If, however, these coupons containe notice to the holders of any facts or circumstances showing that the time of their payment was subject to a contingency over which the holder had no control, and which might postpone their payment indefinitely, then they could not be said to be bona fide holders thereof, as the negotiability of the paper would be thereby destroyed. It is undoubtedly the general rule that the bonds of railroad, manufacturing, municipal and other like corporations, payable to bearer, issued for the purpose of securing loans of money, are, in this country, deemed negotiable, and coupons thereto attached partake of the same character. (Rorer on Railroads, 250; Evertson v. Bank of Newport, 66 N.Y. 14; Thompson v. Lee County, 3 Wall. 327; Commissioners v. Aspinwall, 21 How. [U.S.] 539.) But when such instruments contain special stipulations and their payment is subject to contingencies not within the control of their holders, they are, by established rules, deprived of the character of negotiable instruments, and become exposed to any defense existing thereto, as between the original parties to the instrument. It is essential by such rules that such paper should provide for the unconditional payment to a person, or order, or bearer, of a certain sum of money at a time capable of exact ascertainment. (3 R.S. [7th ed.] 2243, Daniels Negotiable Instruments, §§ 27-104; Evertson v. Bank of Newport, supra; Frank v. Wessels, 64 N.Y. 155; Dinsmore v. Duncan, 57 id. 580.) It would seem, therefore, if these coupons were subject to the condition that the time of their payment could be changed, altered and postponed from time to time at the option of a majority of the holders of the series of bonds simultaneously issued therewith, it would deprive them of one of the essential characteristics of negotiable paper.
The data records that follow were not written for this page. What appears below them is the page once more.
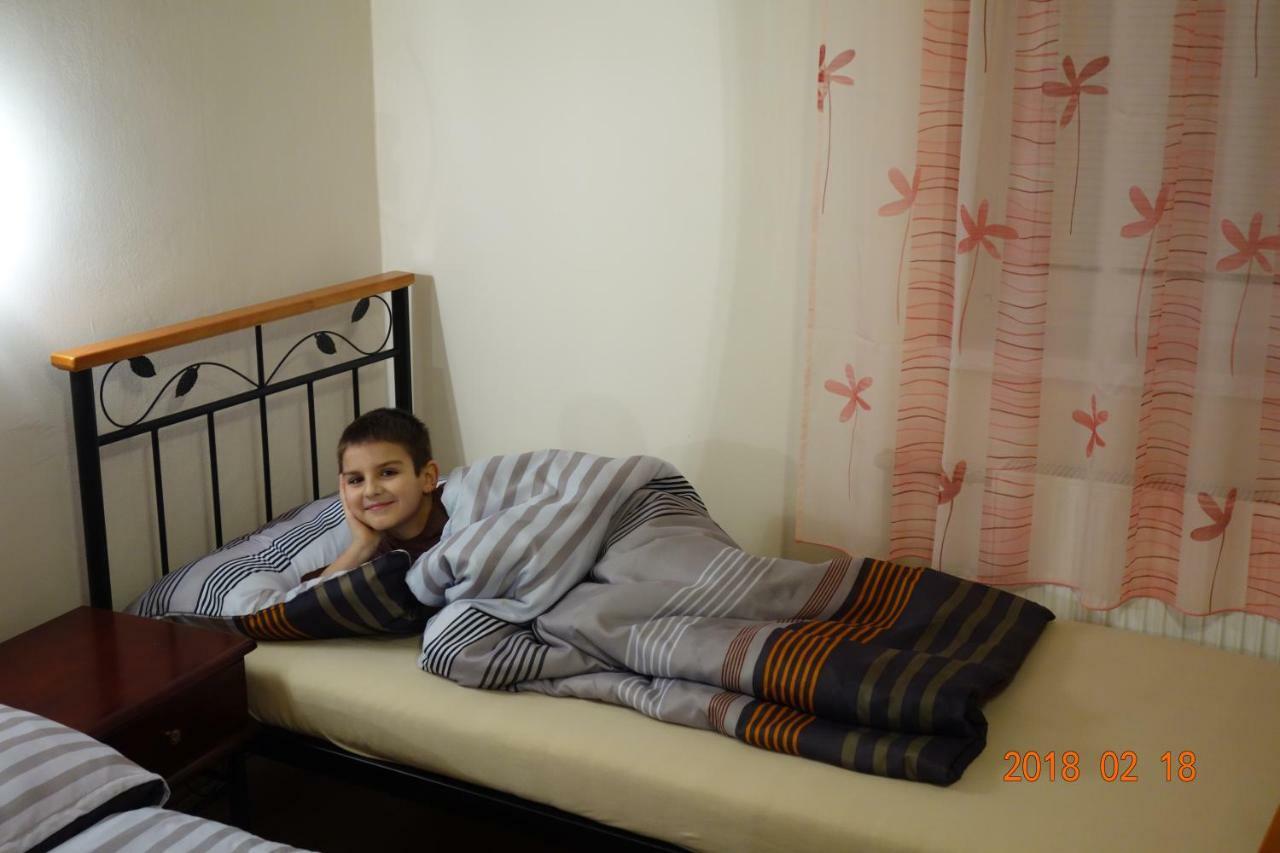 La Familia Apartamento Štúrovo Exterior foto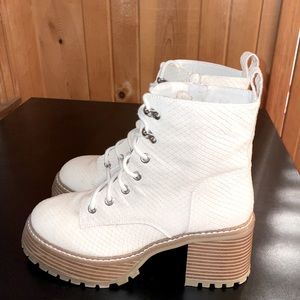 Women's Altar'd State White Lace Up Boots Size 8 W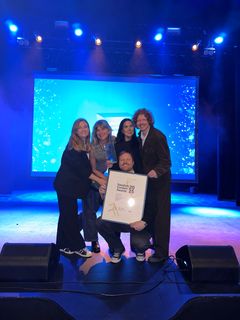 Från vänster: Frida Sääf och Karolina Sparring från Arla, tillsammans med teamet från Splay One (byrån bakom kampanjen).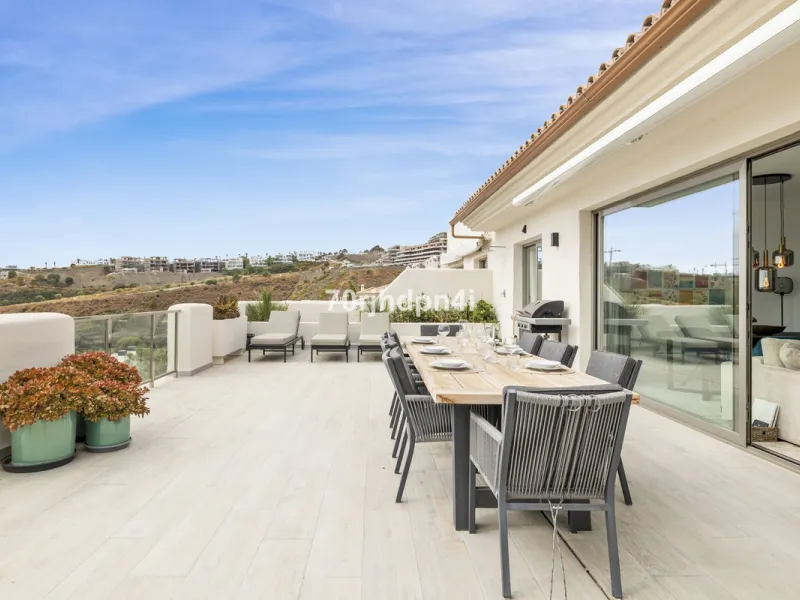Discover this fully renovated penthouse in the heart of La Resina Golf – one of the most sought-after locations on the New Golden Mile between Marbella and Estepona.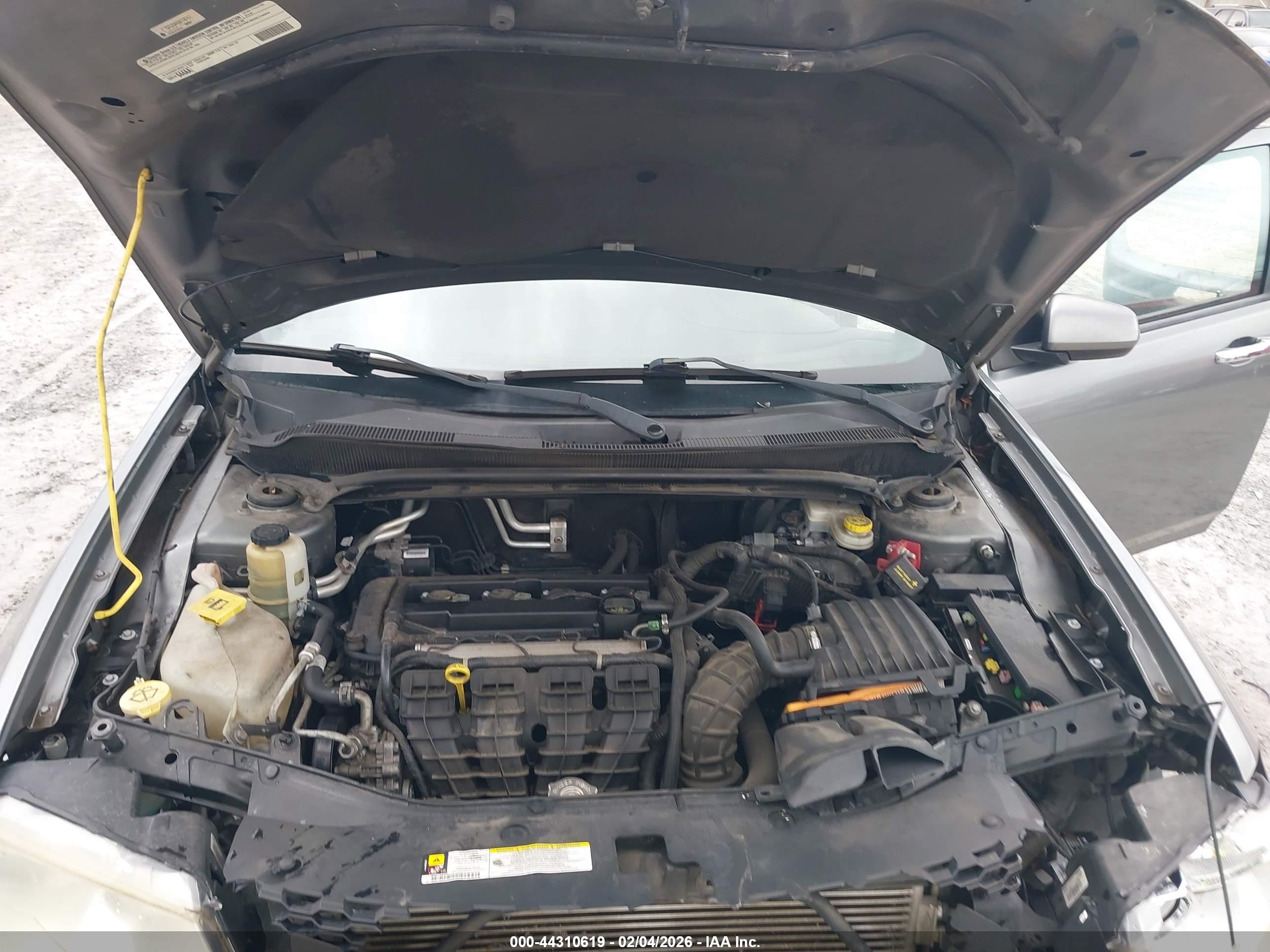 DODGE AVENGER image 10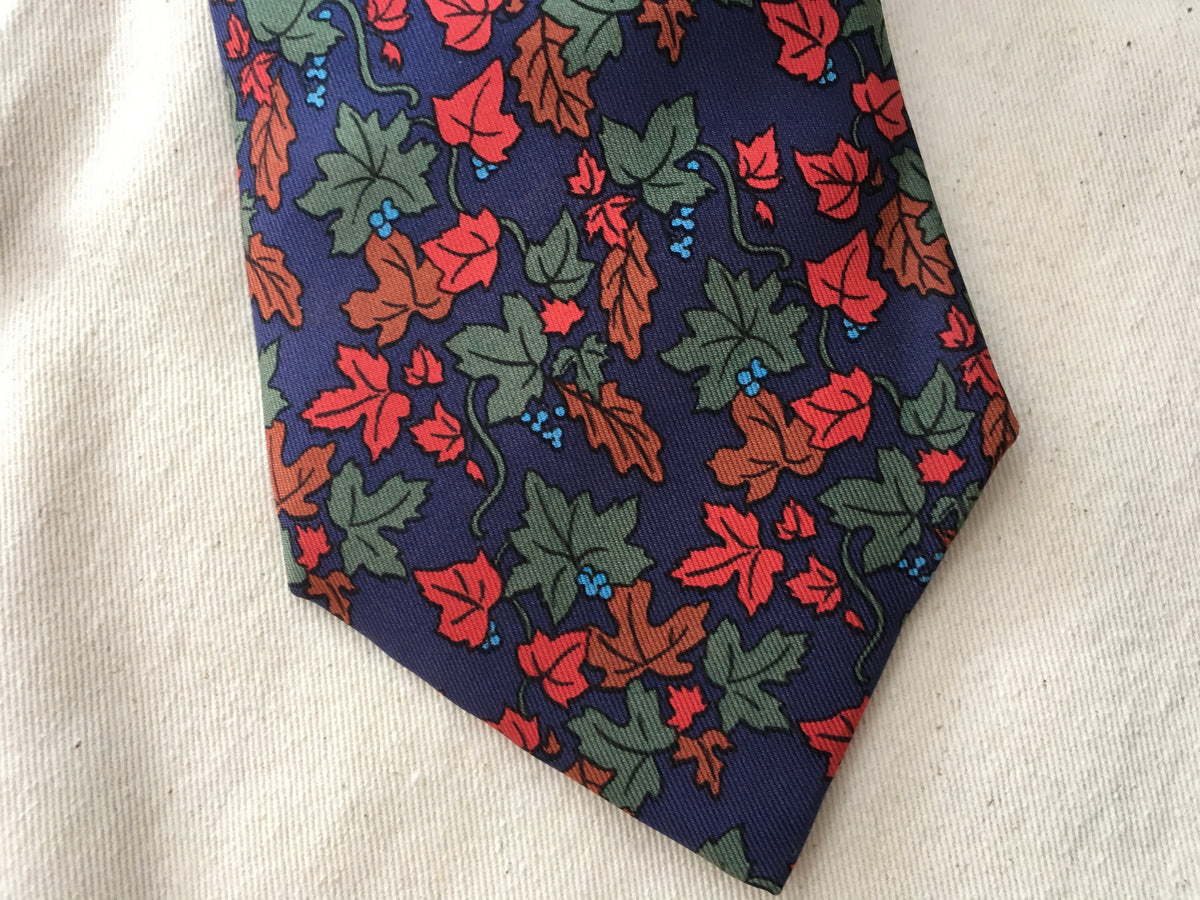 Hermès HERMES Paris Silk Leaf Print Tie 7406 PA 100% AUTHENTIC Men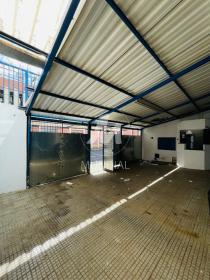 1 - Garagem/estacionamento
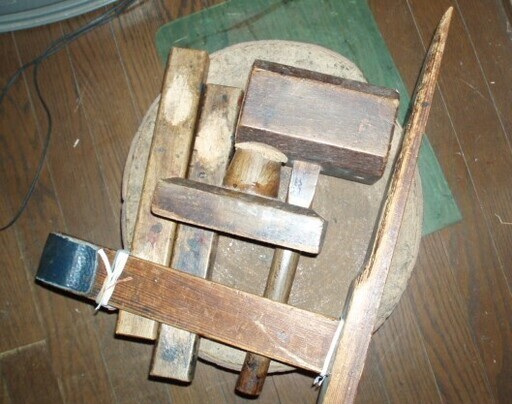 使用はできます アンテーク お店の、ディスプレーにどうですか  打ち具もついていますので、ゴム板などひいて、金型、目打ちなどに使うこともできます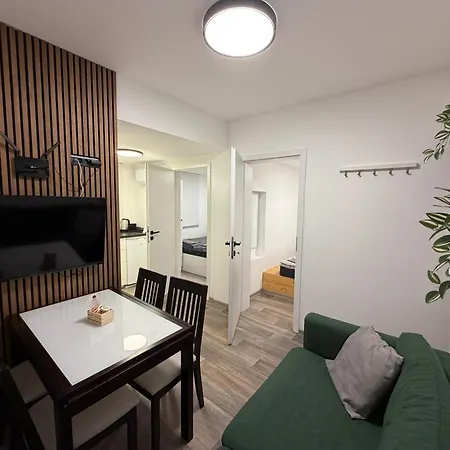 Hiska Pod Hrastom G110 Aqualuna, Olimia * Podčetrtek
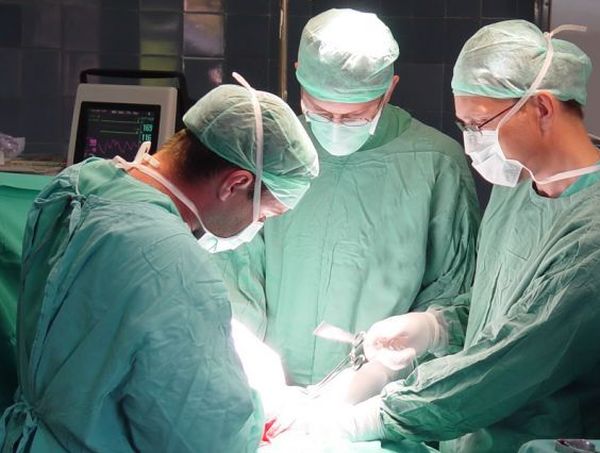 За първи път в България направиха белодробна трансплантация 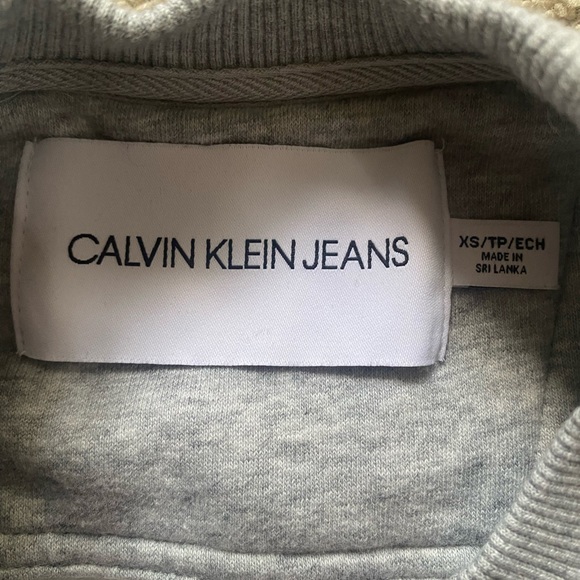 calvin klein crew neck - Picture 3 of 3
It was held in McClure v. Township of Oxford ( 94 U.S. 429), in an action upon coupons detached from the bonds of a municipal corporation, which were substantially similar in form to the coupons under consideration, that the bonds "carried upon their face unmistakable evidence that the forms of law under which they purported to have been issued had not been complied with. * * * This suit was brought upon coupons detached from the bonds purchased by the plaintiff in error, before maturity, but, upon their face, they refer to the bonds, and purport to be for the semi-annual interest accruing thereon. This puts the purchaser upon inquiry for the bonds, and charges him with notice of all they contain."

The City v. Lamson (9 Wall. 478), was an action brought upon coupons detached from the bonds of a municipal corporation, and it was there held that the action was not barred by the lapse of time which would outlaw a simple contract debt, but that there was "but one contract and that evidenced by the bond, which covenanted to pay the bearer five hundred dollars in twenty years, with semi-annual interest at the rate of ten per cent per annum. * * * The coupon is simply a mode agreed on between the parties for the convenience of the holder in collecting the interest as it becomes due. Their great convenience and use in the interests of business and commerce should commend them to the most favorable view of the court; but even without this consideration, looking at their terms, and in connection with the bond of which they are a part, and which is referred to on their face, in our judgment it would be a departure from the purpose for which they were issued, and from the intent of the parties to hold, when they are cut off from the bond for collection that the nature and character of the security changes and becomes a simple contract-debt instead of partaking of the nature of the higher security of the bond which exists for the same indebtedness." It was, therefore held that the coupons did not outlaw until the statutory time had run against the bond. The clear implication from the doctrines of this case seems to be that although an action may be maintained upon the coupons without the production of the bond, a recovery must be based upon the obligation contained in the bond, and that no recovery can be had contrary to the agreement therein expressed. ( Clark v. Iowa City, 20 Wall. 583.)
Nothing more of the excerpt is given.